Moving tributes, excitement builds at Ryder opening ceremony
By Larry Fine
CHASKA, Minnesota (Reuters) - Moving tributes to Arnold Palmer and a celebration of sportsmanship from the Ryder Cup past highlighted Thursday's opening ceremony of the 41st edition of the match play event starting on Friday at Hazeltine.
Under blue skies and warm sunshine, Palmer, who died on Sunday aged 87, was honored in a touching video montage of his life and exploits on the golf course, and a moment of silence was observed for the man who was known simply as, 'The King'.
Thousands of fans crowded a grassy expanse in front of a stage set under a giant banner of the gold trophy donated in 1927 by Samuel Ryder as a prize for the international competition held every two years.
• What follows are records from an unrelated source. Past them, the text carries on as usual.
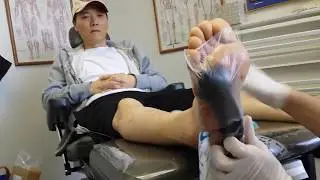 Wound VAC of a Diabetic Foot ulcer - Open Wound in Irvine, CA - Orange County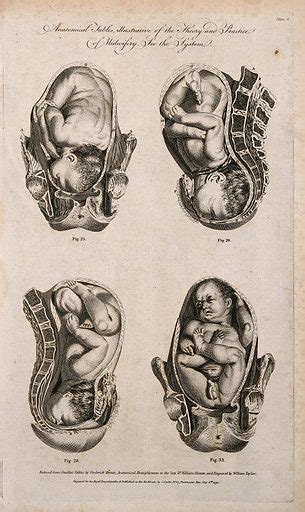 Foetuses In Utero Four Figures Showing Cross Sections Of A Free
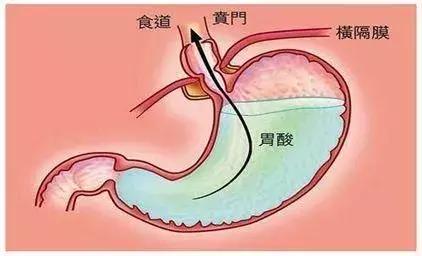 胃酸怎么办最有效的办法,胃酸怎么办吃什么水果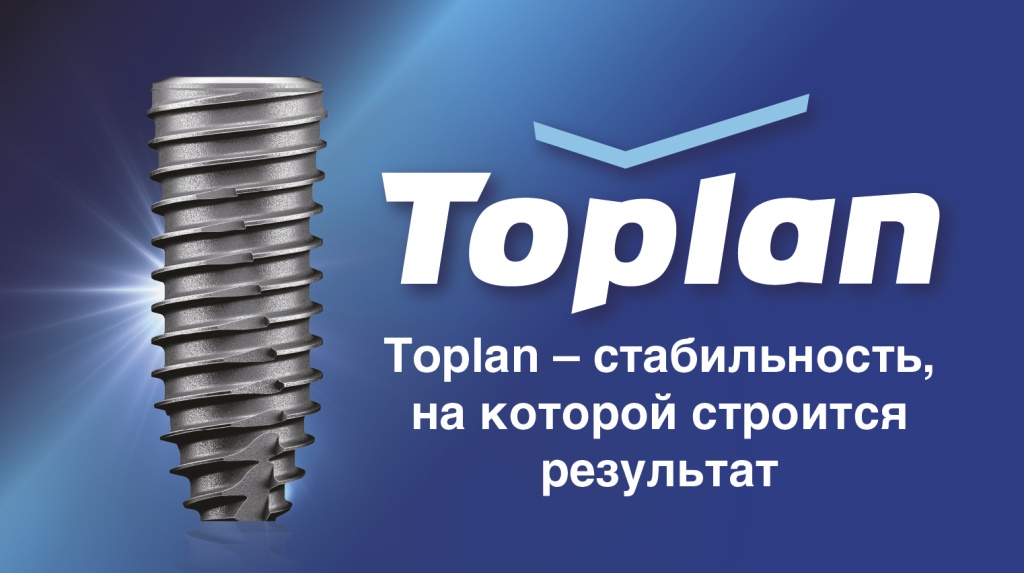 Toplan для сайта Osstem-04.jpg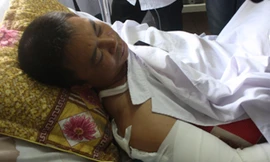  Lái xe Phan Đình Ninh đang điều trị tại bệnh viện 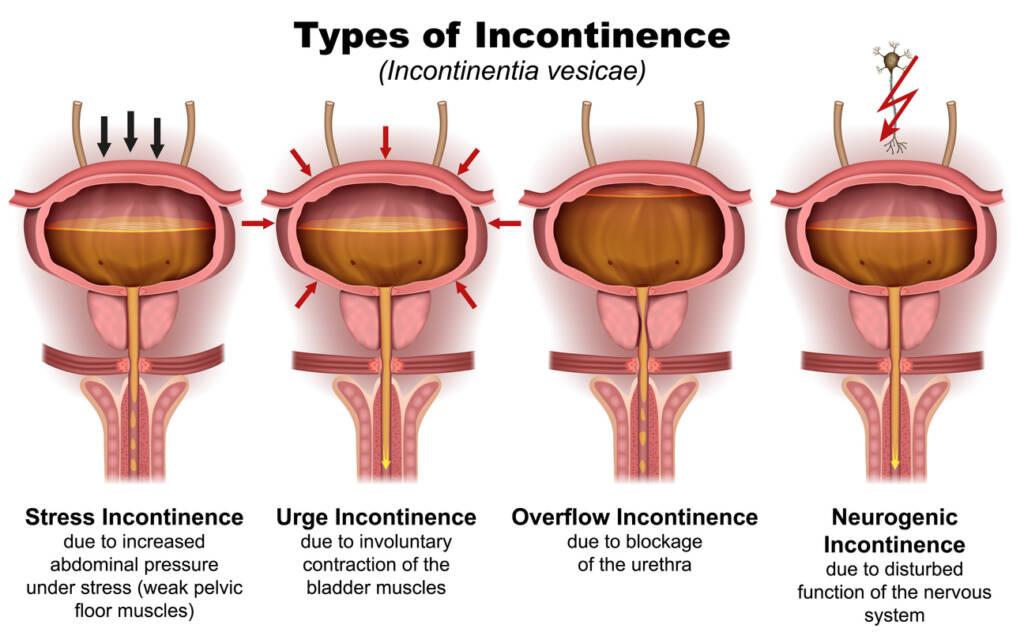 A picture of different types of incontinence.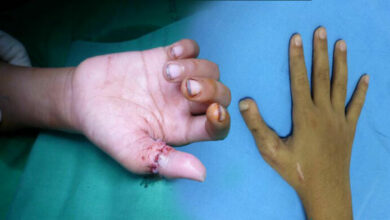 หมอผ่าตัดนิ้วโป้ง หัวแม่มือ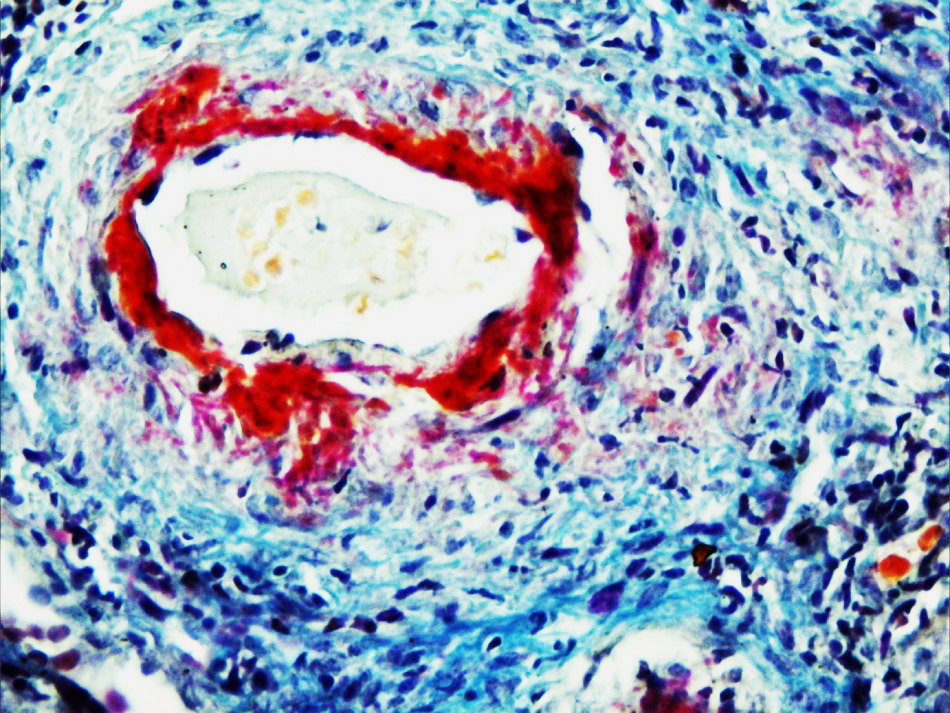 Showing fibrinoid necrosis of vessel wall (red colour), vasculitis & hyaline thrombi in lumina. (AFOG X 400)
Before the introduction of U.S. Ryder Cup captain Davis Love III and European captain Darren Clarke and their 12-man teams, two fabled Ryder players and captains - Jack Nicklaus and Tony Jacklin - were saluted for an iconic moment of sportsmanship.
Jacklin and Nicklaus were deadlocked in 1969, as was the overall score, heading to the last hole of the closest Ryder Cup matches to date when Nicklaus conceded a two-foot par putt to Jacklin rather than make him convert in the intense pressure for what resulted in the first Ryder Cup draw, at 16-16.
After receiving a long, standing ovation, Nicklaus said: "Arnold touched every aspect of the golf world including the Ryder Cup," said Nicklaus, who called his one-time rival, "the most popular person ever to play the game.""We all feel his love and dedicate these games to his honor."
A U.S. National Guard band, big musical production numbers, stirring renditions of the anthems and a rumbling jet flyover created a festive atmosphere.